My First Crush

Tall Woman in SilhouetteShe’d stroll across the office in the most outlandish high heels I had ever seen. Saucer-sized hoop earrings bounced off her ear lobes with every step. A short, tight skirt revealed shapely hips and calves and when she sashayed past you, cigarette poised between two fingers, you had to stop and admire the vision before you.

I was 8 years old at the time and she would have been no more than 30 years old. She was my first crush before I ever knew what a crush was.

Raziya was tall and buxom and of Middle Eastern descent. She was unmarried with no children. Her jet black hair was always kept closely cropped, with ringlets framing her hairline down to her temples.

“Hair just gets in the way of business,” she’d say in her commanding, but jovial, voice, winking. I had no idea what type of “business” that was. Then she’d release her raspy, throaty laugh, engineered by years of cigarette smoking.

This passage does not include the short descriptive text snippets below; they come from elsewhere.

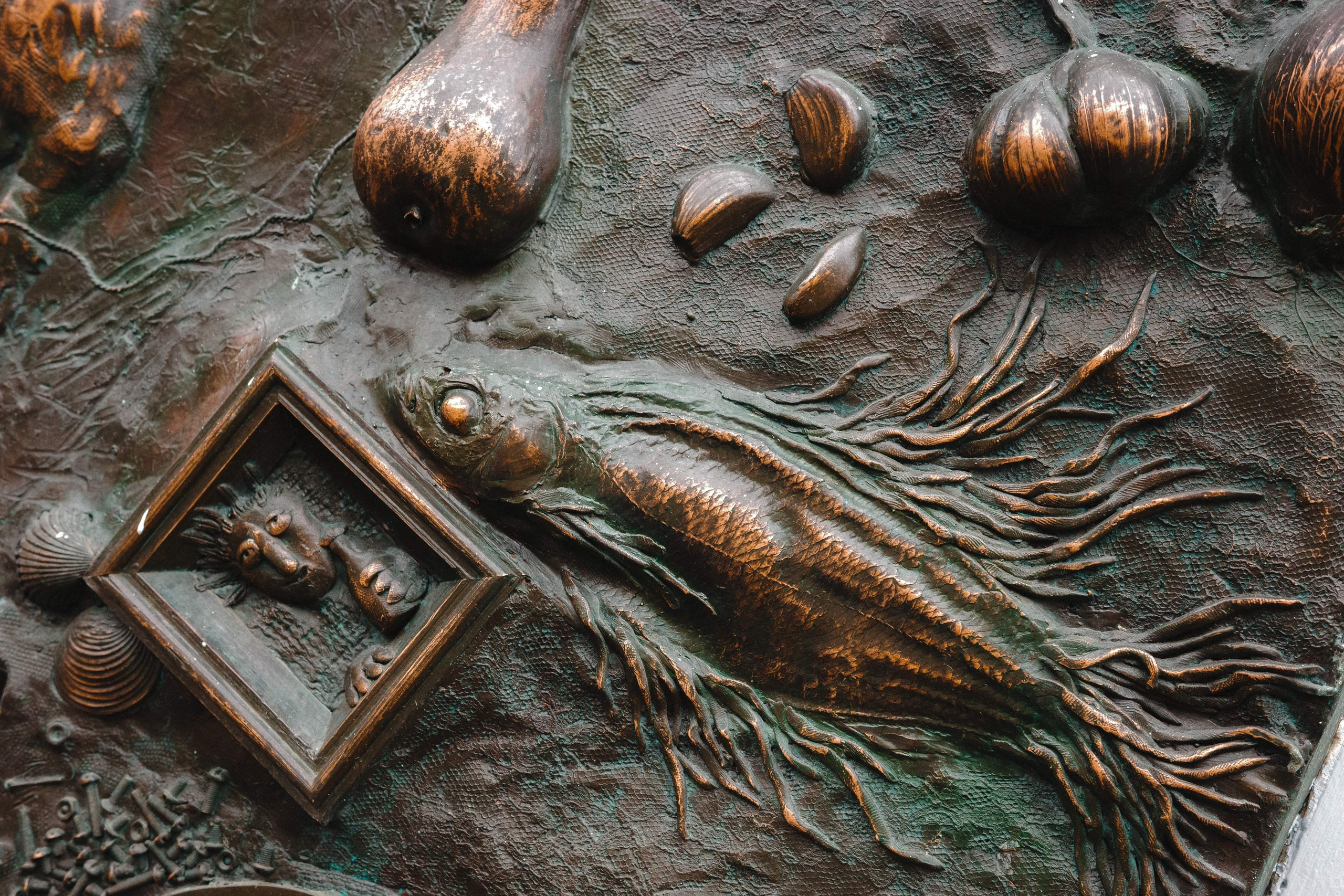 2024.03. Фотограф Алексей Алексеев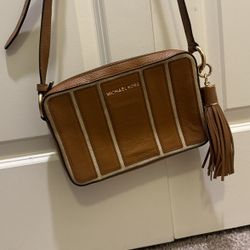 Michael Kors Bag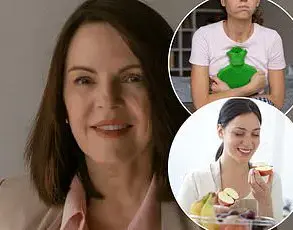 Exclusive Insight: The Secret Food That Eradicated a Woman's Chronic Period Cramps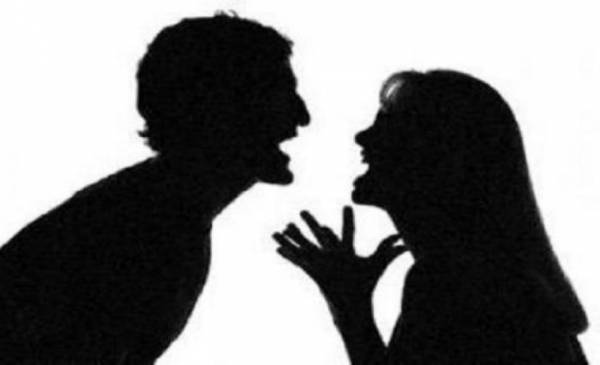 فتاة ترفع دعوى ضد خطيبها .. بتهمة تضييع 8 سنوات من عمرها.. تفاصيل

I was in awe of this Egyptian goddess and in my prepubescent female mind, she was everything I wanted to be: tall, sexy, and confident. Whenever I visited my mom at the Inland Revenue Division, I’d always find my way over to Raziya’s office. She was usually in good spirits and I’d spend the rest of the afternoon trailing after her like Mary’s lamb.

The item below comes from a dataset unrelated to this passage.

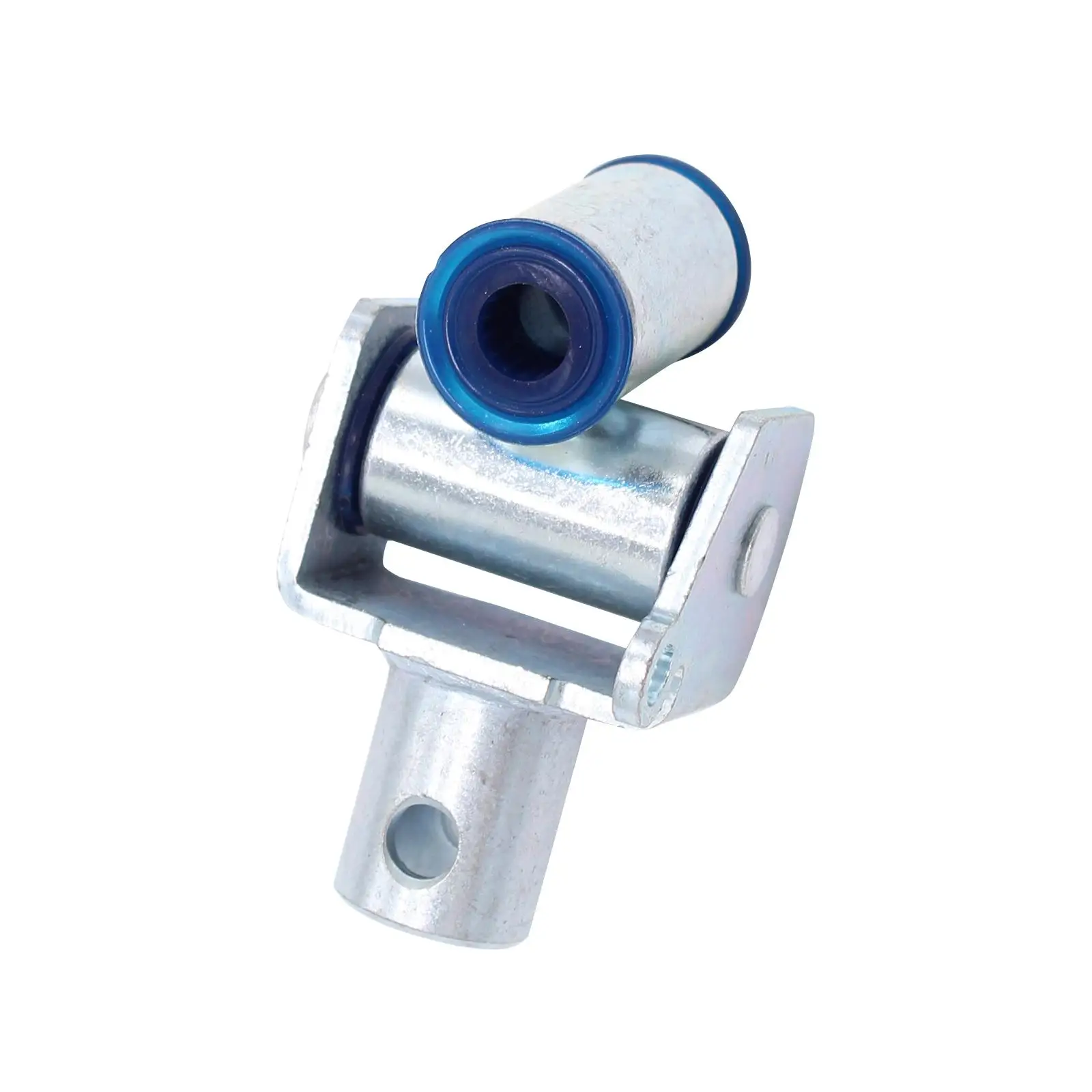 

Shifter Bushing Linkage Joint 35047AC030 35047-ac030 for Subaru Baja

I loved the way she’d answer the phone in her usual raspy tone: “Raz, here. How may I help you?” If it was a relative who had called, she’d break out into her native tongue, which delighted me to no end. I had no idea what she was saying, of course.

She would give me “work” to do: counting papers, filling out forms, or solving crossword puzzles and word jumbles. She supplied me with a stack of blank forms and I would stamp “PAID” or “PENDING” all over them. She also had a stash of candy and chewing gum in her desk drawer, which she very generously shared with me. If I spent the entire day with mom at work, it was Raziya who would take me to lunch.

“L.B.!” she’d call out to my mom, “I’m gonna take Belle home to live with me, you know!”

Whenever she uttered these words, my heart would leap! And for a moment, my dreams had come true. I would spend the rest of my life living with her, trying to be her.

My mom would respond: “Sure you can keep her. But don’t think you’re going to send her back when you go broke from feeding and clothing her!”

But she never did take me home to live with her, much to my disappointment.

One day, a man came to visit Raziya at work while I was there and they went to lunch together. Without me. They were gone for about two hours! How could she? She always took me to lunch!

Distraught, I went complaining to my mom that Raziya had taken some guy to lunch instead of me. She tried to explain that he was her boyfriend and that sometimes they did go to lunch or even dinner together, but I was inconsolable. I remained in my mom’s office, sulking.

When Raziya returned from her date, I didn’t want to see her. I didn’t return to her office, so she came in to see me in my mom’s.

“Sweetie, what’s the matter?” she asked and ran her hand over my hair. “Aren’t you coming back to see me?”

“You took that man to lunch instead of me,” I wailed. “You don’t like me anymore!”

“Nonsense! Of course I do!” she declared. “He and I will go to lunch together sometimes, but you will always be my best girl.”

I stopped sulking long enough to look at her. “Do you mean it?” I asked.

“Of course!” she repeated. “Look, I even brought you back some chocolate ice cream.”

My face brightened as she presented  me with the small package of “Dairy Queen” I had not previously seen.

Chocolate ice cream! I knew I was special!

I relented and gave her a big hug, all misgivings about my place in her heart now permanently put to rest.